On se connaissait par des amis communs. Je savais qu’il n’était pas indifférent à moi puisque nous nous étions croisés à un événement spécial dans ma ville où il avait confié son intérêt à ses amis, qui l’avaient confié à leur tour aux miennes, pour finir par se rendre à mes oreilles. Le jeu du téléphone version cupidon. C’était le genre de petit tannant avec qui je ne me visualisais pas. C’est ce que je pensais à ce moment.

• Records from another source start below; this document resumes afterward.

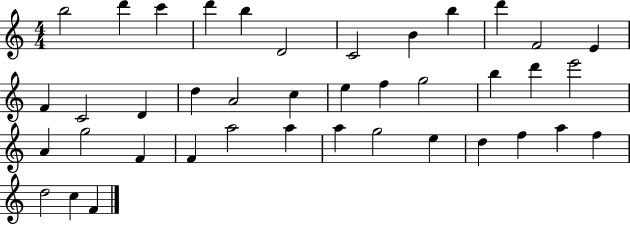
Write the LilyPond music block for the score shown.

{
  \clef treble
  \numericTimeSignature
  \time 4/4
  \key c \major
  b''2 d'''4 c'''4 | d'''4 b''4 d'2 | c'2 b'4 b''4 | d'''4 f'2 e'4 | \break f'4 c'2 d'4 | d''4 a'2 c''4 | e''4 f''4 g''2 | b''4 d'''4 e'''2 | \break a'4 g''2 f'4 | f'4 a''2 a''4 | a''4 g''2 e''4 | d''4 f''4 a''4 f''4 | \break d''2 c''4 f'4 | \bar "|."
}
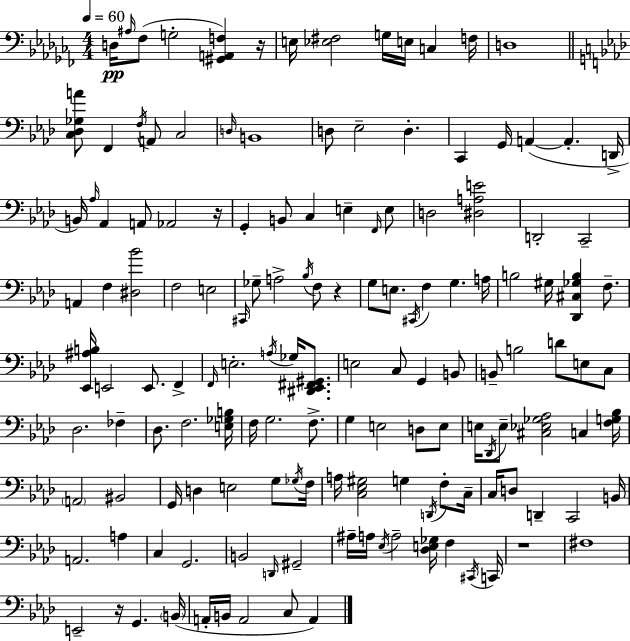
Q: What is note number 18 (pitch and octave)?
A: Eb3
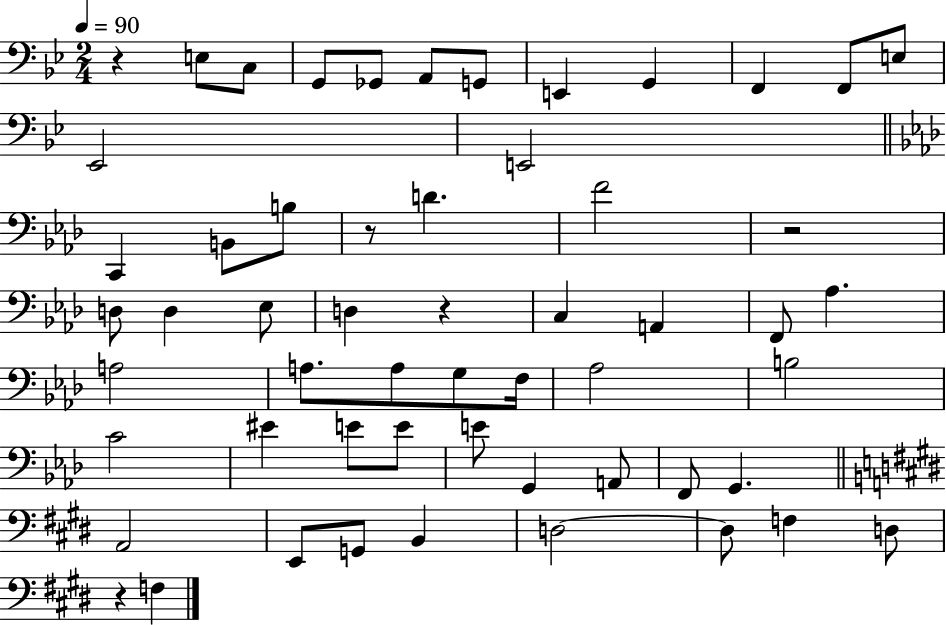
R/q E3/e C3/e G2/e Gb2/e A2/e G2/e E2/q G2/q F2/q F2/e E3/e Eb2/h E2/h C2/q B2/e B3/e R/e D4/q. F4/h R/h D3/e D3/q Eb3/e D3/q R/q C3/q A2/q F2/e Ab3/q. A3/h A3/e. A3/e G3/e F3/s Ab3/h B3/h C4/h EIS4/q E4/e E4/e E4/e G2/q A2/e F2/e G2/q. A2/h E2/e G2/e B2/q D3/h D3/e F3/q D3/e R/q F3/q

Nous avons commencé à nous parler. Je le trouvais drôle, je le trouvais gentil, ses compliments me faisaient plaisir. Je le trouvais cute, beau, attentionné. Je me surprenais parfois à m’impatienter à recevoir un de ses messages, à espérer le croiser en faisant des commissions ou à l’entraînement. L’attachement se développait peu à peu à coup de messages, tandis que ma vigilance, elle, fléchissait. Mes amies tentaient de me ramener à l’ordre en me disant qu’on était complètement différents l’un de l’autre. Je me suis entêtée à vouloir me faire mon idée par moi-même. Je me disais qu’il pouvait avoir un bon fond et qu’un futur ne pouvait pas être condamné à des prédictions basées sur des routes plus sinueuses de chemins autrefois empruntés. J’étais qui pour le juger si je n’avais pas marché dans ses souliers? Et puis, s’il y avait quelque chose qui cloche, j’étais assez grande pour tourner les talons au bon moment.

fille qui marche de dos automneSource image: Unsplash

Il me faisait sentir importante, désirée, merveilleuse. Il me répétait sans cesse qu’il se trouvait chanceux de côtoyer une fille comme moi parce que j’étais pour lui intelligente, belle, drôle et spéciale. Il était fier de me présenter à sa famille et à ses amis et ceux-ci m’appréciaient. Nous avons fini par sortir ensemble. Ça allait bien. J’étais contente de ne pas m’être fiée aux commentaires désobligeants à son égard puisque je me serais éloignée de cette relation ô combien merveilleuse, loin de me douter de ce qui m’attendait.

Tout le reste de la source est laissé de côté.